A chain stores multi purpose sand, sifted with a tiny holed strainer to get rid of the sand and keep all the pebbles (1mm to about 10mm is the pebbles sizes). heres a pic from another one of my threads of what it looks like, heres a good gravel shot:










Let me know if you need any other pics/opinions.

- H


----------



## bluejack23 (Jan 23, 2012)

well i was thinking since my fish was ordered from a reputable online dealer (as far as i know), that it is indeed a rotkeil but maybe just a poorly colored one? he has red on his head but its like a dark red so i was thinking over some white/light brown sand he may color up a bit. That gravel looks nice, i have a red flourite substrate right now.


----------



## BillD (May 17, 2005)

What looks wrong to me is the dots.this is one of mine







This fish never had dots, nor do any of the others I have.

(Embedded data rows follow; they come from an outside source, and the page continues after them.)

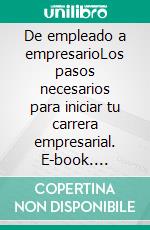 De empleado a empresarioLos pasos necesarios para iniciar tu carrera empresarial. E-book. Formato EPUB ebook di Ignacio Huerta Villareal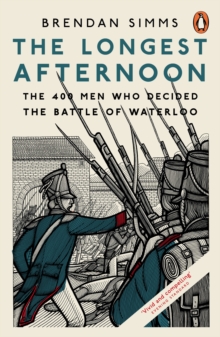 The Longest Afternoon : The 400 Men Who Decided the Battle of Waterloo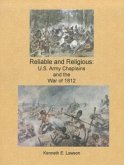 Reliable and Religious: U.S. Army Chaplains and the War of 1812: U.S. Army Chaplains and the War of 1812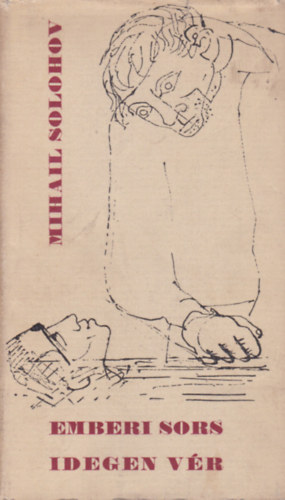 Mihail Solohov - Emberi sors-Idegen v�r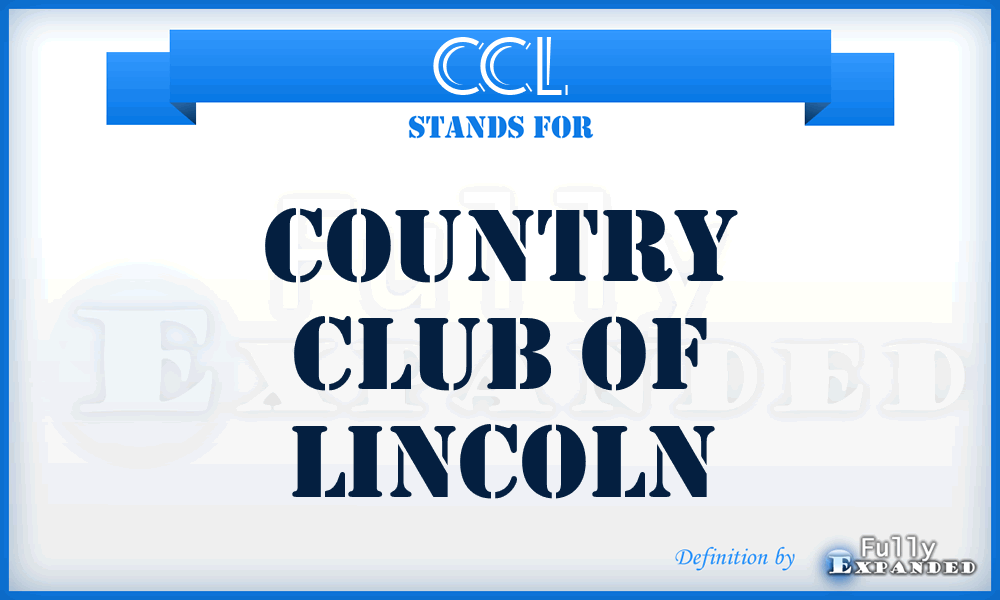 CCL - Country Club of Lincoln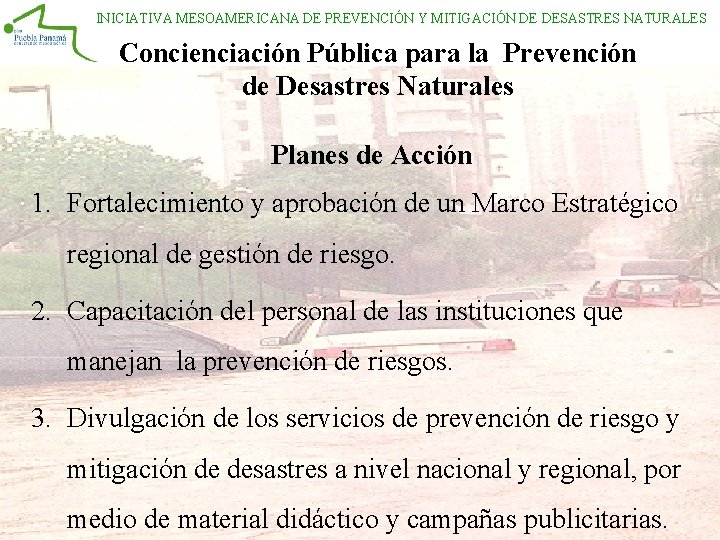 INICIATIVA MESOAMERICANA DE PREVENCIÓN Y MITIGACIÓN DE DESASTRES NATURALES Concienciación Pública para la Prevención INICIATIVA MESOAMERICANA DE PREVENCIÓN Y MITIGACIÓN DE DESASTRES NATURALES Concienciación Pública para la Prevención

is a better pic. Occasionally it will be striped but never dotted.


----------



## bluejack23 (Jan 23, 2012)

thats a nice looking fish but as i understand it, the dots/worming pattern means hes a male, as females lack this trait.


----------



## Mr.Dempsey (Jan 4, 2012)

Well here's my female green I keep her in with light colored sand


----------



## bluejack23 (Jan 23, 2012)

the pattern looks similar but mine has redish maroon dots/worming and bright red eyes, not orange like my green sev.


----------



## jeaninel (Nov 1, 2009)

Looks like a Green Sev to me too.

Here's a pic of my Rotkeil.


----------



## rmcder (Jul 9, 2005)

I also bought a (presumed) rotkeil from a reputable dealer (whose name everyone would recognize) a few years ago and got the same thing after it grew out - no red shoulders. Whether a green somehow got in the tank, or there's some kind of recessive combination that results in no red, I don't know, but you're not alone.


----------